## DATA SHOWN

#####

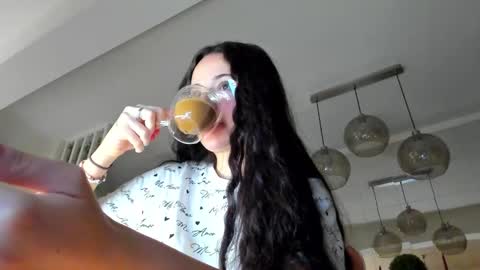 Snapshot of irenevon chatting on December 1, 2025, 5:23 am Ir s room online show from December 1, 2025, 5:23 am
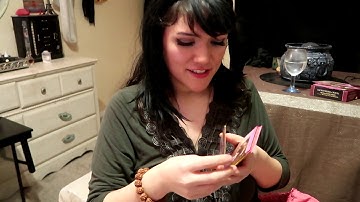 ASMR UNBOXING - Romance Oracle Deck ( First Impressions )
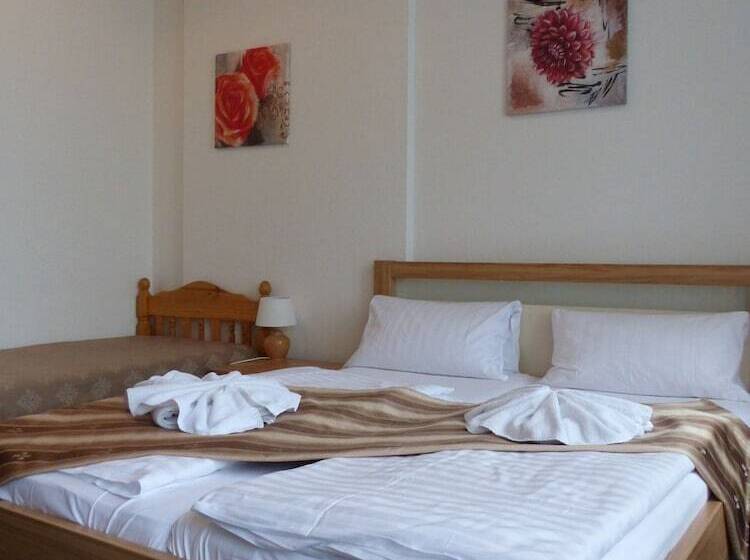 اتاق استاندارد سه نفره, City Pension Berlin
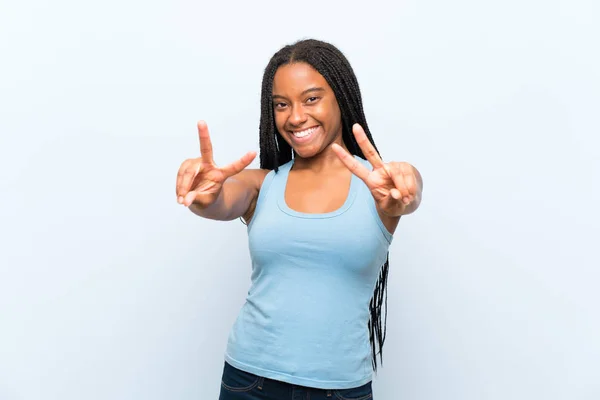 African American Tiener Meisje Met Lang Gevlochten Haar Geïsoleerde Blauwe — Stockfoto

#####

## HOW TO COMPLETE THIS TASK
Everything in the listing, except its images, should be set down exactly.

## REPLY
 Snapshot of irenevon chatting on December 1, 2025, 5:23 am Ir s room online show from December 1, 2025, 5:23 am
 ASMR UNBOXING - Romance Oracle Deck ( First Impressions )
 اتاق استاندارد سه نفره, City Pension Berlin
 African American Tiener Meisje Met Lang Gevlochten Haar Geïsoleerde Blauwe — Stockfoto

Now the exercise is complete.